**Exercise**
All pictures are to be dropped, and everything else in the data duplicated exactly.

**The data**
--- START ---

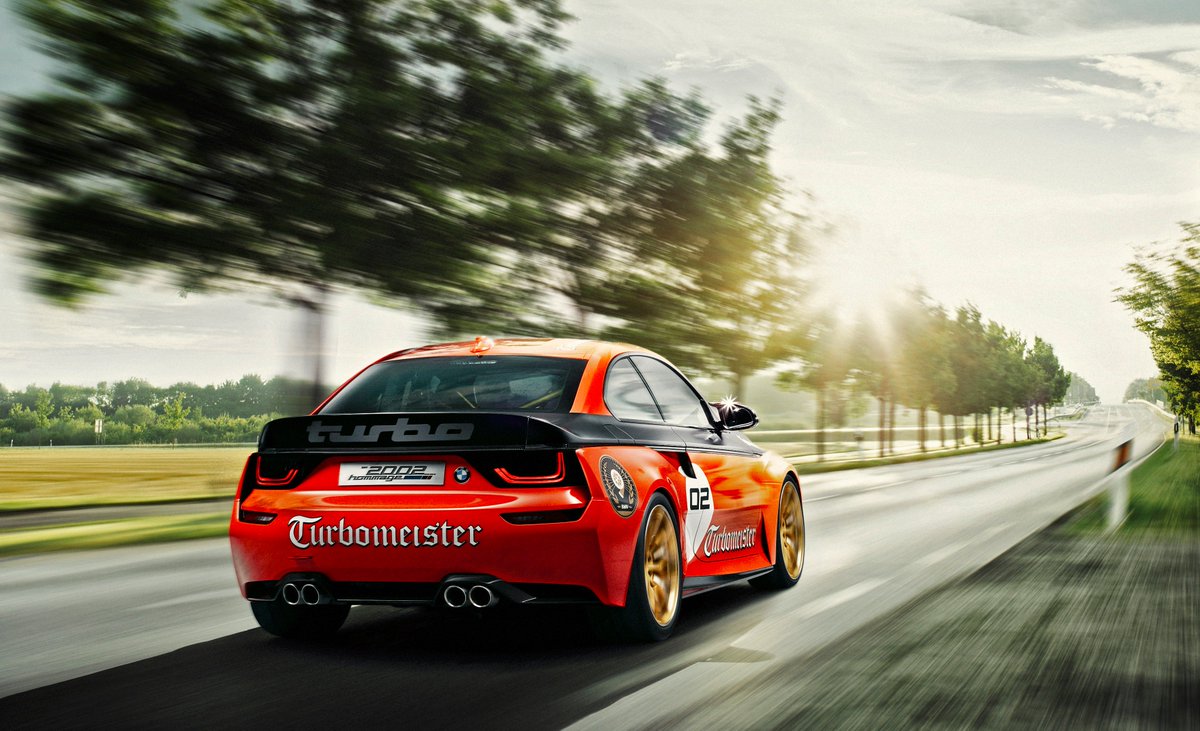 BMWItalia's tweet image. Ecco a voi la #BMW2002Hommage, al Concorso d’Eleganza di Pebble Beach per celebrare la tecnologia turbo. Scopritela.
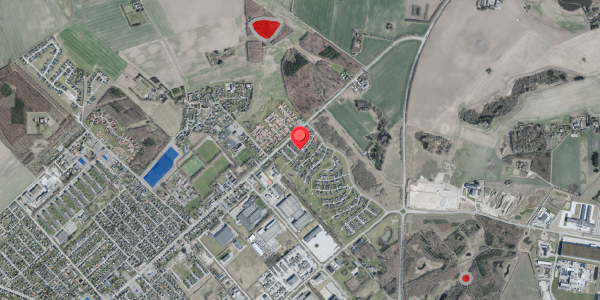 Jordforureningskort på Højen 66, 4100 Ringsted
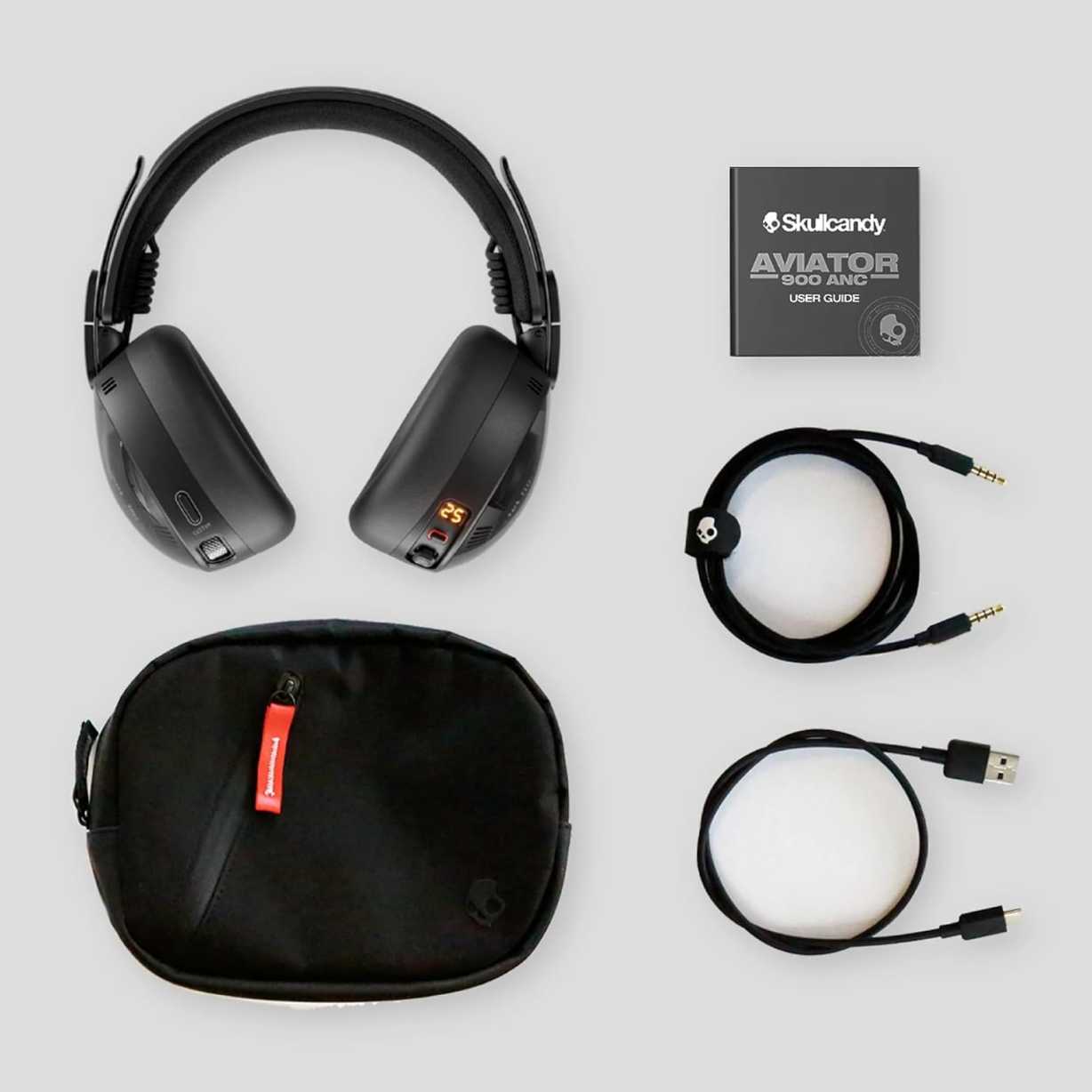 Skullcandy Aviator 900 ANC Wireless Over-Ear Bluetooth Headphones Price in Bangladesh 2025 Skullcandy Aviator 900 ANC Wireless Over-Ear Bluetooth Headphones Price in Bangladesh 2025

--- END ---

**Problem solution**
 BMWItalia's tweet image. Ecco a voi la #BMW2002Hommage, al Concorso d’Eleganza di Pebble Beach per celebrare la tecnologia turbo. Scopritela.
 Jordforureningskort på Højen 66, 4100 Ringsted
 Skullcandy Aviator 900 ANC Wireless Over-Ear Bluetooth Headphones Price in Bangladesh 2025 Skullcandy Aviator 900 ANC Wireless Over-Ear Bluetooth Headphones Price in Bangladesh 2025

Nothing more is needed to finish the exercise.